31 stycznia br. odbyła się pierwsza w 2020 roku przysięga wojskowa 6 Mazowieckiej Brygady Obrony Terytorialnej, po raz pierwszy wziął w niej udział nowy dowódca brygady, pułkownik Witold Bubak.
Złożyliście z dumą przysięgę wojskową. Żałuję, że wśród nas nie ma waszych najbliższych. Nie ma rodziców, rodzin, przyjaciół. Na pewno z nami sercem i duchem. Wiem jak to jest być człowiekiem, który składa przysięgę, bo sam ją składałem. Pamiętam jak się wtedy czułem. Wiem też, jak to jest być ojcem dziecka, które również składa taką przysięgę. Tym bardziej jest mi żal, że nie ma tu waszych najbliższych ale niestety takie nastały czasy.

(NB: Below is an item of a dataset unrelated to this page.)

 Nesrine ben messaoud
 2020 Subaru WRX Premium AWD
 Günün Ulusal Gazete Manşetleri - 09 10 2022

– dodawał dowódca brygady.
Podczas uroczystości wyróżniono listem gratulacyjnym dwóch żołnierzy, którzy ukończyli szkolenie z najwyższym wynikiem. Byli to żołnierze: szer. Wigant Żaneta, szer. Ciołek Wojciech.

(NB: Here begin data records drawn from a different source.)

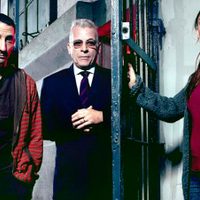 'El marginal”, ahora en Universal Channel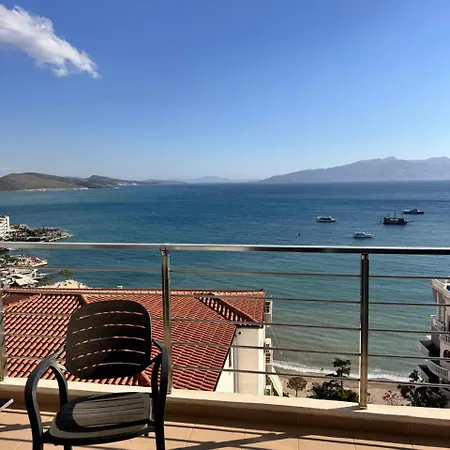 Amazing Center Sea View Διαμέρισμα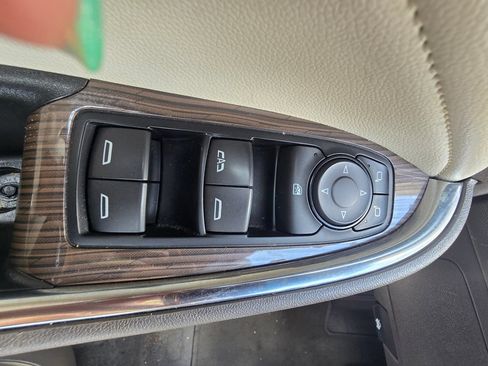 Certified 2024 Chevrolet Malibu LT FWD image 21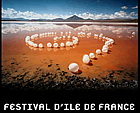 Festival d’Ile de France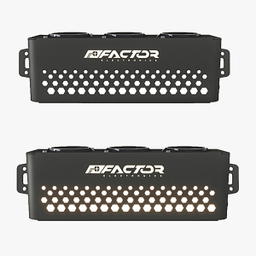 پریز روکار فکتور مدل UPO2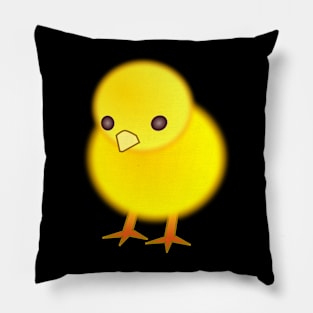 Easter Egger Chicken Pillow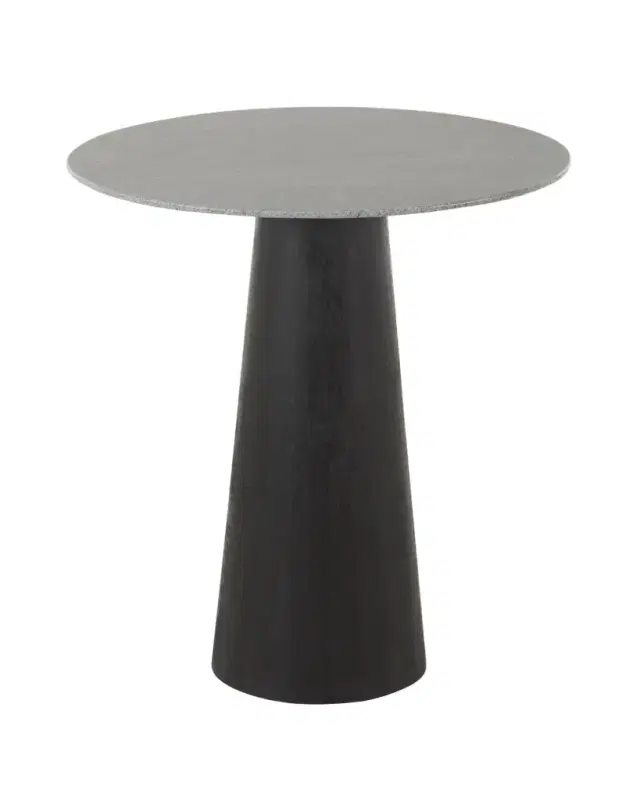 Arteriors Theodore Side Table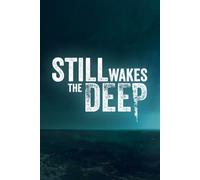 Still Wakes the Deep (PC) Steam Key GLOBAL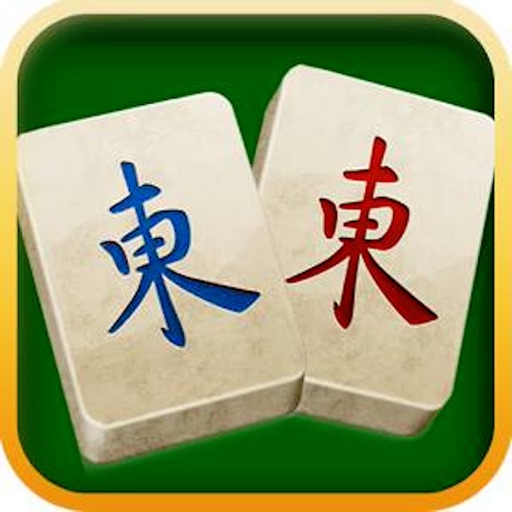 Mahjong Match Puzzel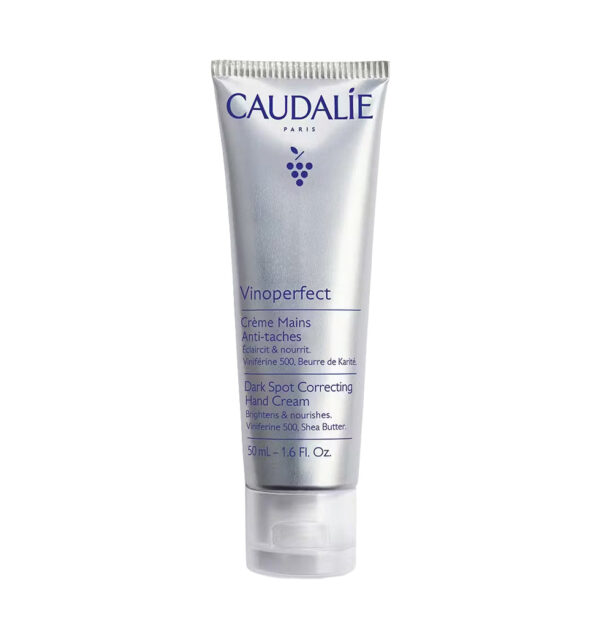 CAUDALIE Vinoperfect Crème Mains Anti-taches-50ML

Nowe otoczenie, nowi ludzie. Można by przypuszczać, że w tak krótkim czasie trudno się dobrze poznać. Jednak przyjacielska dłoń, pomagała nam nawet w tych najtrudniejszych momentach. Wspieraliśmy się nawzajem, a wszystkiemu towarzyszyła „wojskowa atmosfera”. Obiecujemy sumiennie podnosić swoje umiejętności i kwalifikacje, aby w pełni odpowiedzialności dbać o naszą Ojczyznę, lokalne społeczności oraz o ludzi, których kochamy. Myślę, że ten dzień na zawsze pozostanie w naszej pamięci.
– mówiła w imieniu żołnierzy szer. Żaneta Wigant
24 stycznia do przybywających na terenie Kompleksu Wojskowego w Radomiu, dołączyło 14 żołnierzy rezerwy, którzy rozpoczęli swoje szkolenie wyrównawcze. Podczas szkolenia służyli radą i doświadczeniem swoim młodszym kolegom, a sami adoptowali się do służby w nowym dla siebie rodzaju sił zbrojnych.